### TASK OBJECTIVE
Please set down only the lines between the line containing "Consumption of processed or red" and the end of the records, inclusive, exactly as they stand.

(Dataset records)
++++++
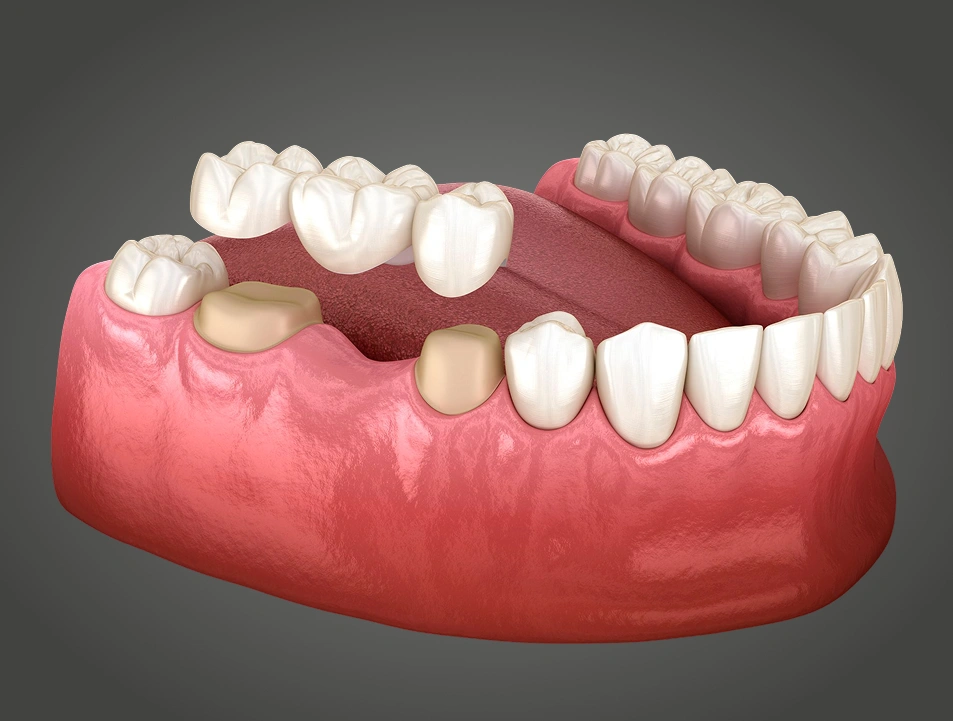 Digital impression for dental crown at MDRN Dental Studio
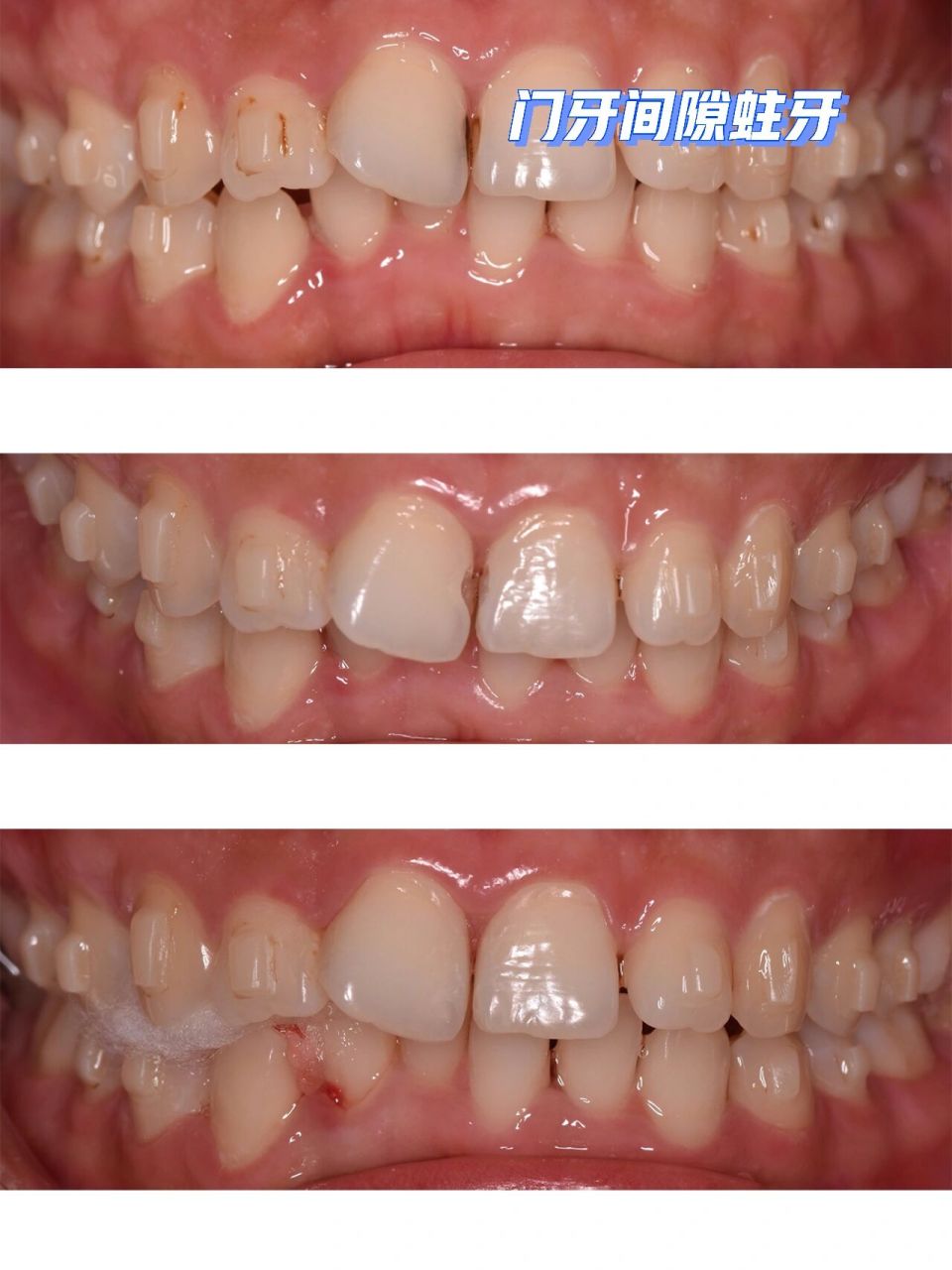 门牙蛀牙修补前后图片图片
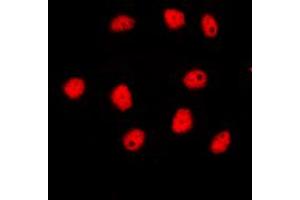 Immunofluorescent analysis of GATA4 staining in HepG2 cells. (GATA4 抗体  (Center))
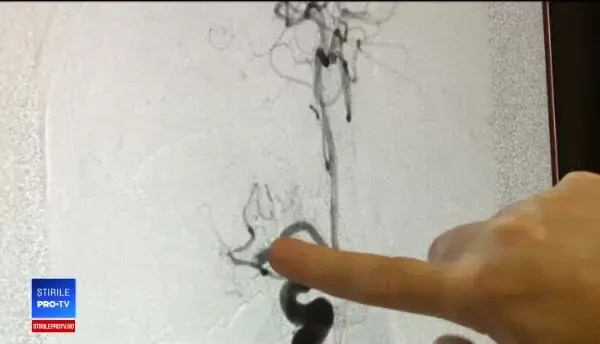 Patru români mor în fiecare oră din cauza unui AVC. Primele simptome alarmante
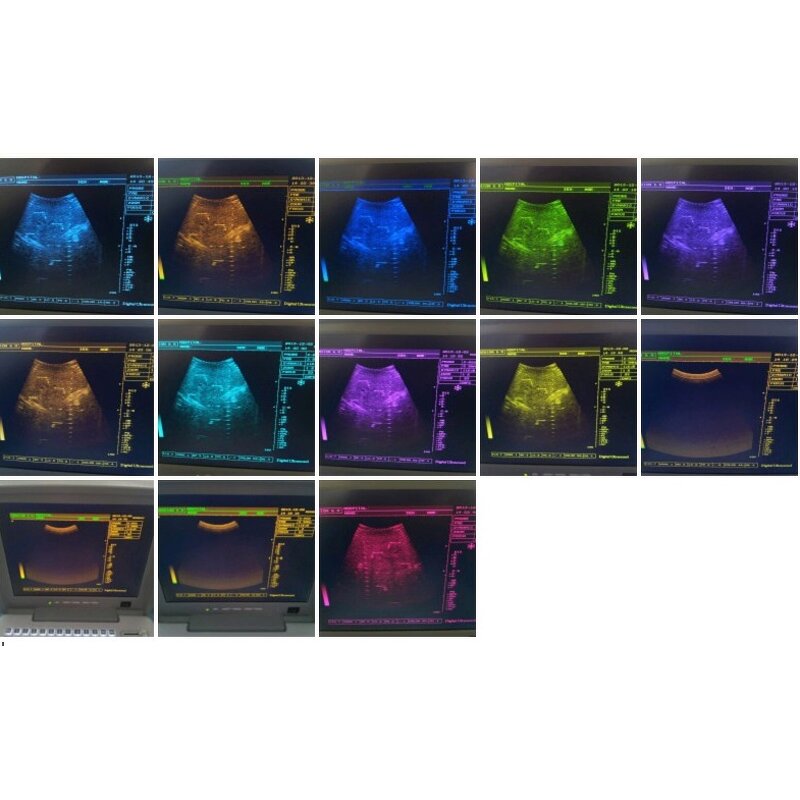 Portable Ultrasound Machine - S300 Digital B-mode Ultrasonography Scanner Price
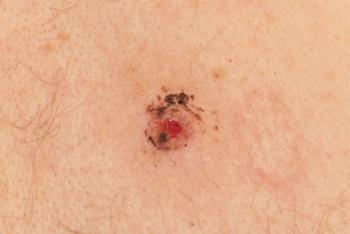 melanoma biopsy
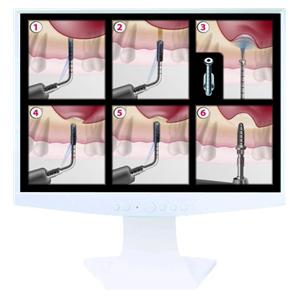 Kit Intralift 2 ACTEON SATELEC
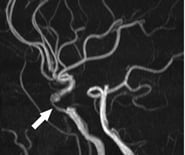 Angiography (DSA)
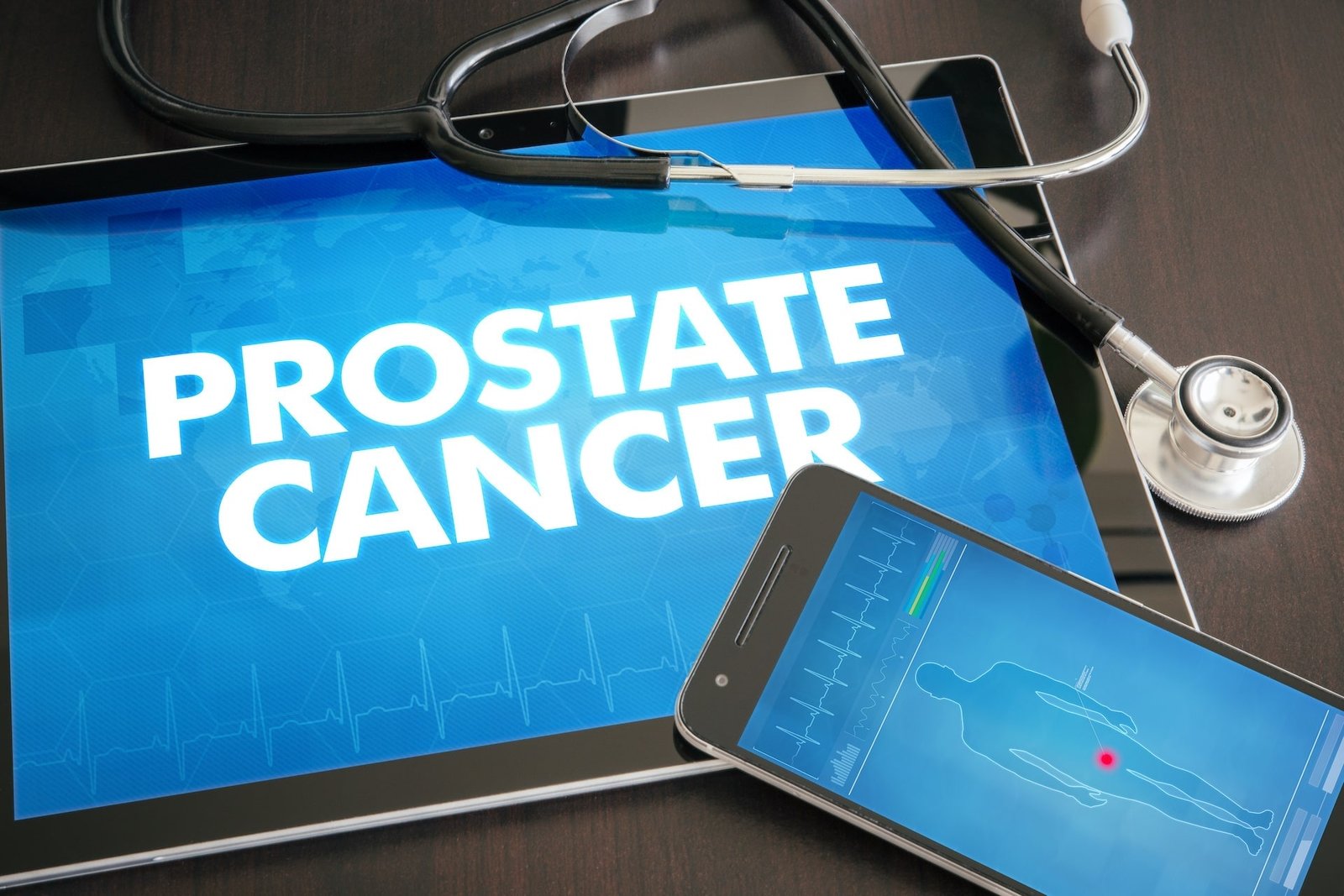Advances in Prostate Cancer Treatment Options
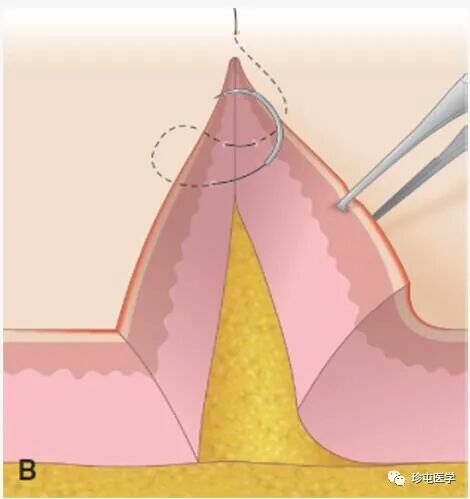 皮下缝合用什么线皮下缝合_https://www.jmylbn.com_新闻资讯_第7张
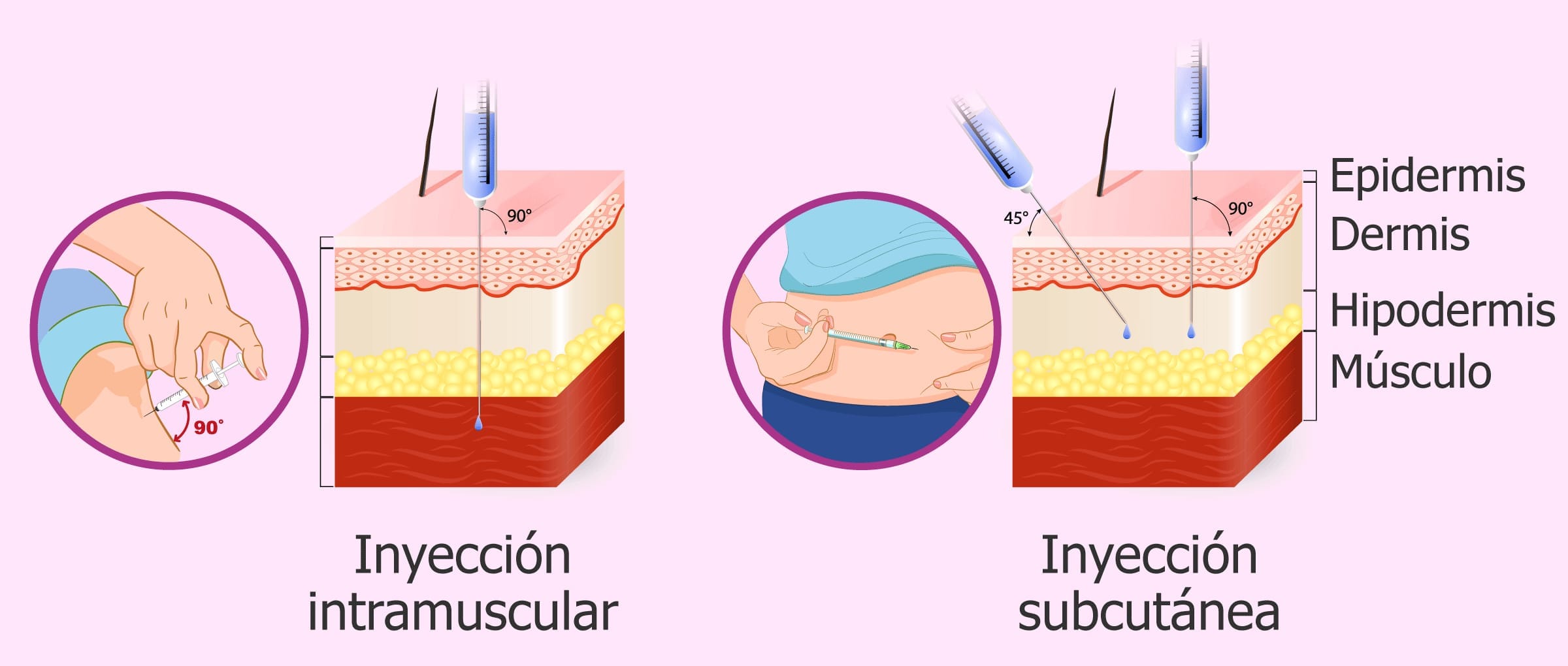 l carnitina doce intramuscular se puede poner subcutaneo Tipos de inyección de Decapeptyl: (mensual) y subcutánea (diaria) Quantity:One-time Purchase APLB Glutathione Niacinamide Body Verified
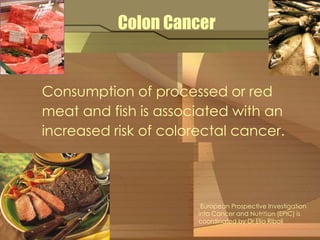 Colon Cancer 
Consumption of processed or red 
meat and fish is associated with an 
increased risk of colorectal cancer. 
European Prospective Investigation 
into Cancer and Nutrition (EPIC) is 
coordinated by Dr Elio Riboli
++++++
### ANSWER
Consumption of processed or red 
meat and fish is associated with an 
increased risk of colorectal cancer. 
European Prospective Investigation 
into Cancer and Nutrition (EPIC) is 
coordinated by Dr Elio Riboli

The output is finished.